What Will I Tell My Grandchildren?

What Will I Tell My Grandchildren?
This post was published on the now-closed HuffPost Contributor platform. Contributors control their own work and posted freely to our site. If you need to flag this entry as abusive, send us an email.

What will I tell my grandchildren?

When they come to interview me for their middle school history projects, the way kids do, and they ask me about this time in our country’s past they can’t believe I lived through, will I mention the tears?

Will I tell them I was throwing a party that night, champagne bottles filling the bottom shelf of my fridge, poised for popping, and when I realized what was going to happen I hid in the bathroom to hyperventilate, trying to figure out a polite way to tell everyone to get out of my apartment because I couldn’t handle it?

Will I tell them about the morning after, when I woke up to realize it was real and felt my chest cave inward, my muscles deflate, my skin melt to my bed sheets?

Will I tell them about the concession speech that tried to give us hope but didn’t really know how?

Will I tell them how I turned to my girlfriend, voice trembling, and asked her in earnest if we’d ever feel joy again?

Will I tell them how the two of us contemplated getting married even though we weren’t ready, before we wouldn’t be allowed to anymore, and how I figured that even if the marriage was dissolved someday, that at least I’d get to know what it felt like for a little while?

Will I tell them about the empty look in my president’s eyes as he tried to make us feel better, the first time I’ve ever seen him truly hopeless?

Will I tell them how silly it felt to go on with my Wednesday as if my homework really mattered anymore?

Will I tell them the shock I experienced when I brought myself to go outside, expecting life to have frozen, and saw kids playing in the sand and people eating at restaurants and a woman gossiping on her cell phone?

Will I tell them about the little boy who stood up at an adult-filled community meeting and said he didn’t think we should let this man kick anyone out of “our beautiful country”?

Will I tell them about the protests and the meetings and the posts in Pantsuit Nation that reminded me everyday how many people out there voted for an America I recognize?

Will I tell them about the swastikas?

Will I tell them how people called us whiners and sore losers, as if this were really about political disagreements, but how I refused to let them minimize what they’d done?

Will I tell them how I couldn’t stop myself from holding on to hope that the electors would protect us, but how I couldn’t cry when I found out they didn’t because I had already begun to numb?

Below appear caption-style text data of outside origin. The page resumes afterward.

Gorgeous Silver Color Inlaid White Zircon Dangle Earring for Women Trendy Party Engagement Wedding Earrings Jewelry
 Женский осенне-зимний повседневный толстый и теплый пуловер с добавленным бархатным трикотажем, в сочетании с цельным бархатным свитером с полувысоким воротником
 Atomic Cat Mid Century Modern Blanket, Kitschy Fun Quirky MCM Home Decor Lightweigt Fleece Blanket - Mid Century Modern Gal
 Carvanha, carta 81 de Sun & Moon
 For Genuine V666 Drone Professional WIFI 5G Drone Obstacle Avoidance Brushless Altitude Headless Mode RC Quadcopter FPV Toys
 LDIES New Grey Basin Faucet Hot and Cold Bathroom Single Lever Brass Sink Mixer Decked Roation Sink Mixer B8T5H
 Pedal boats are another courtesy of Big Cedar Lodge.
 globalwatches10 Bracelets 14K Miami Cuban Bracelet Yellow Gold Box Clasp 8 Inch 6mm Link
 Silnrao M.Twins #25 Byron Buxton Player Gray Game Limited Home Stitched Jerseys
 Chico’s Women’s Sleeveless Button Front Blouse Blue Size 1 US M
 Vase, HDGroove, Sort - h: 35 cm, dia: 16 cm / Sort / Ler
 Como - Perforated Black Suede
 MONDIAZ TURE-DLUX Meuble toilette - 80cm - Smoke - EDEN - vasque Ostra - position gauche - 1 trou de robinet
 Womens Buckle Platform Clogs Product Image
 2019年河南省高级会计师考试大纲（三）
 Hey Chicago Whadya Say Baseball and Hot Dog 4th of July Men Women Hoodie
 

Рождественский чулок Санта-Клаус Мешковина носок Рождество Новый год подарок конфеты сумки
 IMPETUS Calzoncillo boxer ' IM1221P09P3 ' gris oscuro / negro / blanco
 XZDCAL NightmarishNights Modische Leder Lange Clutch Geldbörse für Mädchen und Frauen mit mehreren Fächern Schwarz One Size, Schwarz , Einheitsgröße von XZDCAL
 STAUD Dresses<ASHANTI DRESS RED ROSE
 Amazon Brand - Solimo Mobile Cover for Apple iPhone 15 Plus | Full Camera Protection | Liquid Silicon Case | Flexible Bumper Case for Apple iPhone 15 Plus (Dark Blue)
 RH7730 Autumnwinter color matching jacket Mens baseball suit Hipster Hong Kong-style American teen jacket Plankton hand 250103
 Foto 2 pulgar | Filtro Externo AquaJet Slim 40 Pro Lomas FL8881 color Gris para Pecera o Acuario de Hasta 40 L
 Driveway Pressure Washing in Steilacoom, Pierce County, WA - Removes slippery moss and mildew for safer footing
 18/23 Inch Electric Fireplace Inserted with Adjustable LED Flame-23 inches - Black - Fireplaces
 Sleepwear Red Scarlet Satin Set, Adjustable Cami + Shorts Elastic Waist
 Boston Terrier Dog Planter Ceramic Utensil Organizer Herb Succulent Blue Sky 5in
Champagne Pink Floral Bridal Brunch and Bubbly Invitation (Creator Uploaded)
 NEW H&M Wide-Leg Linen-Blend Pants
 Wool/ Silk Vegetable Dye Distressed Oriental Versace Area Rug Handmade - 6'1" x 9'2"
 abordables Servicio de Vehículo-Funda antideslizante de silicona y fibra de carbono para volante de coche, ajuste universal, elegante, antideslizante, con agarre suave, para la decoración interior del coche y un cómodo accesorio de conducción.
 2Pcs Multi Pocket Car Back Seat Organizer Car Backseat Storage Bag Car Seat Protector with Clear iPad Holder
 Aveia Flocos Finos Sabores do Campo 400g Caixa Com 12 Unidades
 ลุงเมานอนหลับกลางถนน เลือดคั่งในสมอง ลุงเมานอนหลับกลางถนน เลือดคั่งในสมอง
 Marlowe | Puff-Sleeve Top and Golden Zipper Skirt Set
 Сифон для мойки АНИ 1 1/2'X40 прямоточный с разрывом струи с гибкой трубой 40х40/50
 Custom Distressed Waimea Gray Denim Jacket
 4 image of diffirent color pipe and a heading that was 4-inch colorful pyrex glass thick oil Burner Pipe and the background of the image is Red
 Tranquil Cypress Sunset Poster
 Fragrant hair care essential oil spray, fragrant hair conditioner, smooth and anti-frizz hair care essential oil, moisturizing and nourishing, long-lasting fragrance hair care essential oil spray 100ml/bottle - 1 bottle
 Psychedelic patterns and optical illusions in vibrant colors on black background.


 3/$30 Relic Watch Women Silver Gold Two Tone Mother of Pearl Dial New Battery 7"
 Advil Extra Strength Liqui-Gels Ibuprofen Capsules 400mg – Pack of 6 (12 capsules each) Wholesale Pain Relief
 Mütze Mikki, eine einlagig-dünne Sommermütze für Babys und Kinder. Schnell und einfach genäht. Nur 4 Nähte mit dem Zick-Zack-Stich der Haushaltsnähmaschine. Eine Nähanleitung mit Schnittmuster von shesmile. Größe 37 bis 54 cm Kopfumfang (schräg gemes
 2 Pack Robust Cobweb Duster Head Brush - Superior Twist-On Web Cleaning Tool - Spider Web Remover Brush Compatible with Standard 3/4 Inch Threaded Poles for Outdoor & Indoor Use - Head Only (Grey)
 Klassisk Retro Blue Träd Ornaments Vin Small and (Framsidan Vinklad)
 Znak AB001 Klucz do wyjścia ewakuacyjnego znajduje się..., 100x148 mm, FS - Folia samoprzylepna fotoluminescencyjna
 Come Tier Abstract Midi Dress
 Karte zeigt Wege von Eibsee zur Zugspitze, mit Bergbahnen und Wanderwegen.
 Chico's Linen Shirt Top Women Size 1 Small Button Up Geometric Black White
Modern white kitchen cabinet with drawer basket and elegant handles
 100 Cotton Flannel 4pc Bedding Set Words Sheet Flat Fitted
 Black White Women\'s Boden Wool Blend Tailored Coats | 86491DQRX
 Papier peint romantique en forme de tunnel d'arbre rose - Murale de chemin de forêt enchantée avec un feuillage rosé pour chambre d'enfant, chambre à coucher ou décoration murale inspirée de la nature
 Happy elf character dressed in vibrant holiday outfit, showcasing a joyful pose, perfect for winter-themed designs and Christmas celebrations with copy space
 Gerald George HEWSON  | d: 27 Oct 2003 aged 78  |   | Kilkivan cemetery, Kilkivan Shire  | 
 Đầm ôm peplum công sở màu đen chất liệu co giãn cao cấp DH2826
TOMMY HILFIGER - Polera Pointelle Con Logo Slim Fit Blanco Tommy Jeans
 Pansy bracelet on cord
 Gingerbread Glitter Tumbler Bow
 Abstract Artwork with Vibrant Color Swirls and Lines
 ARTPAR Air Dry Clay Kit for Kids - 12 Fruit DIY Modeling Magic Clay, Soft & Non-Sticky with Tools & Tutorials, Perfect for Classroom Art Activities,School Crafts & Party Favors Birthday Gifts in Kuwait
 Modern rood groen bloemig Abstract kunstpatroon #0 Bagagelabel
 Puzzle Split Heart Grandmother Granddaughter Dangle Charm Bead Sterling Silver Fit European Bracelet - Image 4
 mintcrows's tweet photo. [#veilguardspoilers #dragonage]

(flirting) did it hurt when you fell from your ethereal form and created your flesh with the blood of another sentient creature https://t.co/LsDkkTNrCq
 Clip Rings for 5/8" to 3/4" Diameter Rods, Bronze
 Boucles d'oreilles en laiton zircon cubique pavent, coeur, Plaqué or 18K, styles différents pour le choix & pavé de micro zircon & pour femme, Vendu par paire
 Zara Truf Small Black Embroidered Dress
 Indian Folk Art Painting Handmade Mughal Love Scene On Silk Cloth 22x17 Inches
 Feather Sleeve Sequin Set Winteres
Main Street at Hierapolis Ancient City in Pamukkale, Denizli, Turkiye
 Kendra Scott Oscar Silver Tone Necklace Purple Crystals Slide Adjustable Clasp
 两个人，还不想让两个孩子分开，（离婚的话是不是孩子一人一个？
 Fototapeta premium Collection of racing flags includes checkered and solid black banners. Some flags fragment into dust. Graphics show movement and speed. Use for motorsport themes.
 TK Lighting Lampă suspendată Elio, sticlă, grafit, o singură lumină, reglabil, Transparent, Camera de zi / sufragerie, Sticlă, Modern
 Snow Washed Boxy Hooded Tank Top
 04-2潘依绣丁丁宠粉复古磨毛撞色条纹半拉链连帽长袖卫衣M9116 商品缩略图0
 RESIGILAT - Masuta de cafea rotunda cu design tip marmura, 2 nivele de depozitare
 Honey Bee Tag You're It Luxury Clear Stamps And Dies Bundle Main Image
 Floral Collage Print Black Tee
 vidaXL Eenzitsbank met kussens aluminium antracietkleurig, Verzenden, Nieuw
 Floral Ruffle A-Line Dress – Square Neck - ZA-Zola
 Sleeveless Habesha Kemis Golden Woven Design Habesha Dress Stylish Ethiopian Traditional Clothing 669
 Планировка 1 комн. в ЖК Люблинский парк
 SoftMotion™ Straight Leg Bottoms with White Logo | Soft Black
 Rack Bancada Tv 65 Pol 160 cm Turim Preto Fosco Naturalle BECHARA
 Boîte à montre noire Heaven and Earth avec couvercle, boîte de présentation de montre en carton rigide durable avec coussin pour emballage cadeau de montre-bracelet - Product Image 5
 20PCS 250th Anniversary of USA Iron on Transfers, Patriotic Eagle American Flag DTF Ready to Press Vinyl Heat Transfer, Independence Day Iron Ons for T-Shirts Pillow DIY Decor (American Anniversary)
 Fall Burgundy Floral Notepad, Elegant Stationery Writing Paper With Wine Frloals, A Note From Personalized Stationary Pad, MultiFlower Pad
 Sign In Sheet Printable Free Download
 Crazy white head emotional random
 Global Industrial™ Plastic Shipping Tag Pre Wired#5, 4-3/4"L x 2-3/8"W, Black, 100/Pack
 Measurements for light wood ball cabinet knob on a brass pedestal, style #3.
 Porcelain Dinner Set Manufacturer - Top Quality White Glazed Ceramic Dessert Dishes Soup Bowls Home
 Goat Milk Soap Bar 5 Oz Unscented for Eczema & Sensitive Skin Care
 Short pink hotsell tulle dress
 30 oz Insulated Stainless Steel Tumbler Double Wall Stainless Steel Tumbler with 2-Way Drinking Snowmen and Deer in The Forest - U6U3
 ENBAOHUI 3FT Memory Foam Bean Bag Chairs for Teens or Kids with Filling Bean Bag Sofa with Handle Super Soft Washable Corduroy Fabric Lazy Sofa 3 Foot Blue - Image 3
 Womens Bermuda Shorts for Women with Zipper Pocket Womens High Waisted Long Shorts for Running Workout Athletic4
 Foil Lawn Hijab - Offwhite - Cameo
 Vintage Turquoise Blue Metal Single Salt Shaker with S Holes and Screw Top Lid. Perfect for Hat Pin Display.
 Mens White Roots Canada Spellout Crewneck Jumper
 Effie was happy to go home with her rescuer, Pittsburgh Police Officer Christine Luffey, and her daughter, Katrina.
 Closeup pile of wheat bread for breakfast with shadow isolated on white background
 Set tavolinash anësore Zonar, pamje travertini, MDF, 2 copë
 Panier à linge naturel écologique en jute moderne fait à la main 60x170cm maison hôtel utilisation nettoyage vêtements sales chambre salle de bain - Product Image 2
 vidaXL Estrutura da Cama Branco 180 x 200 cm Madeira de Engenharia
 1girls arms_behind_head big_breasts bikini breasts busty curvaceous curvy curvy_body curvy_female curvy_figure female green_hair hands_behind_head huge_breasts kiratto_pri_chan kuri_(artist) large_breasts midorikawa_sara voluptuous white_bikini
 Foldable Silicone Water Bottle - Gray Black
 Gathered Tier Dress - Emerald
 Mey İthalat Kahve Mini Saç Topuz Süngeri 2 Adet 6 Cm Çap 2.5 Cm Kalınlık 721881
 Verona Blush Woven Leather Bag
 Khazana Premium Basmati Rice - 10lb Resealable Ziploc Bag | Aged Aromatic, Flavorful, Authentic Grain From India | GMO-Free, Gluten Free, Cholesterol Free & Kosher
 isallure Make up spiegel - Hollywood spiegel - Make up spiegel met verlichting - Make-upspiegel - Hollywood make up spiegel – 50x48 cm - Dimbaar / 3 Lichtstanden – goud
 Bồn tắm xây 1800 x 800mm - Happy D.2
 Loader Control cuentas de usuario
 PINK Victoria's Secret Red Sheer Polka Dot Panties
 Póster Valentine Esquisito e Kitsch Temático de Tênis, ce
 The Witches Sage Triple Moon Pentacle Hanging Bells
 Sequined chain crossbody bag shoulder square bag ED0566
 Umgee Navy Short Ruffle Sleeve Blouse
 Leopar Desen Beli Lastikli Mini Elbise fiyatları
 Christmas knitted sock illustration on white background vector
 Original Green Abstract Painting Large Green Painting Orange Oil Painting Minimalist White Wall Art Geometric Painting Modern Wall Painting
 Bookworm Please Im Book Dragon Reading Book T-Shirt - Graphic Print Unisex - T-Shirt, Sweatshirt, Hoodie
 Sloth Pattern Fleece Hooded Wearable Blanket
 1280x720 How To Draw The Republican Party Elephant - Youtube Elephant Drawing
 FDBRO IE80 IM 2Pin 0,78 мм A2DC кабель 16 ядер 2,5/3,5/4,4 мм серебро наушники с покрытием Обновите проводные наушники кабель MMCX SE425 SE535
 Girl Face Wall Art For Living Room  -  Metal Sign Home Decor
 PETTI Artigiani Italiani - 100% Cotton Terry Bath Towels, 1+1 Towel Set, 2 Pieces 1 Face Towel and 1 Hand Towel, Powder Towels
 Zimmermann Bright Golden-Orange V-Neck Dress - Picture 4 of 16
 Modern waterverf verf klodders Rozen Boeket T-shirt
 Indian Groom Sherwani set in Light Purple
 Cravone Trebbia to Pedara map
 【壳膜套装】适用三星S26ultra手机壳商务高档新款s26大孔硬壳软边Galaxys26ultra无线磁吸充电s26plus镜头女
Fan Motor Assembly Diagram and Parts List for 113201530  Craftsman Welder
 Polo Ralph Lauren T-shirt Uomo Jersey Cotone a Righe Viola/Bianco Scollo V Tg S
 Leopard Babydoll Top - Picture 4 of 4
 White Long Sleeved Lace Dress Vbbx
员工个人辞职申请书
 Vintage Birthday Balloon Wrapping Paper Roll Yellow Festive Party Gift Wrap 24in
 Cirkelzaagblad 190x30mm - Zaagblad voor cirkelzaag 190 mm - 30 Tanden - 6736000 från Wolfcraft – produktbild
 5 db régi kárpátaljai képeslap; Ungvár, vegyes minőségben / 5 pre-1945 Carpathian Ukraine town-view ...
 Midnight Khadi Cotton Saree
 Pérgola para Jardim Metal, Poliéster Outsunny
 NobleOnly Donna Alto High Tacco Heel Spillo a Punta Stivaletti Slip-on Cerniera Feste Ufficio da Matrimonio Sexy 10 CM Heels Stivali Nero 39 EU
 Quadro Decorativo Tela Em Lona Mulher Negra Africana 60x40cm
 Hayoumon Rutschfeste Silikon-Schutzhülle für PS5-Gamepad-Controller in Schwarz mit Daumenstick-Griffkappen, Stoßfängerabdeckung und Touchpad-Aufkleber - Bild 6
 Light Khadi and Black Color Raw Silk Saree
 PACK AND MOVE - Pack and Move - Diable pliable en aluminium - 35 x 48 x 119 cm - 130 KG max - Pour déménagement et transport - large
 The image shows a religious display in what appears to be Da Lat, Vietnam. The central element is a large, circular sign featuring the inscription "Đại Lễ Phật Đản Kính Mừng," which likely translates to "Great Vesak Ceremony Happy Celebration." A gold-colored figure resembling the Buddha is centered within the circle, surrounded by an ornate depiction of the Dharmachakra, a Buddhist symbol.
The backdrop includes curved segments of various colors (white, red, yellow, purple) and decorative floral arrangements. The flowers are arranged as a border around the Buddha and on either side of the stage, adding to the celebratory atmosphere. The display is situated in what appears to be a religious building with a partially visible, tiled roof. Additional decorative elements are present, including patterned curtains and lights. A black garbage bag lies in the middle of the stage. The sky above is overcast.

Will I have to tell them that November 8th, 2016 was the reason our world looks however it does at that future moment, that the election they can’t believe I lived through was the beginning of a new world order that persisted, or will I get to tell them it was merely a blip, a rebellious tantrum thrown by an angsty teenage America who grew up and pulled itself together?

Will I widen my eyes and tell them we were all wrong, that in the end the disasters we anticipated never came to pass?

Or will I choke back tears while I tell them this was partly my fault, that I sat back and let this happen because I was naïve?

Will I tell them I tried to stop it?

Will I tell them I spent the next four years doing everything I could to fix it?

Will I tell them I worked as hard as I knew how to ensure their future America was a safe place to grow up?

Or will I tell them I did nothing, that I decided I was powerless and that again and again, I stood back and watched the world unravel?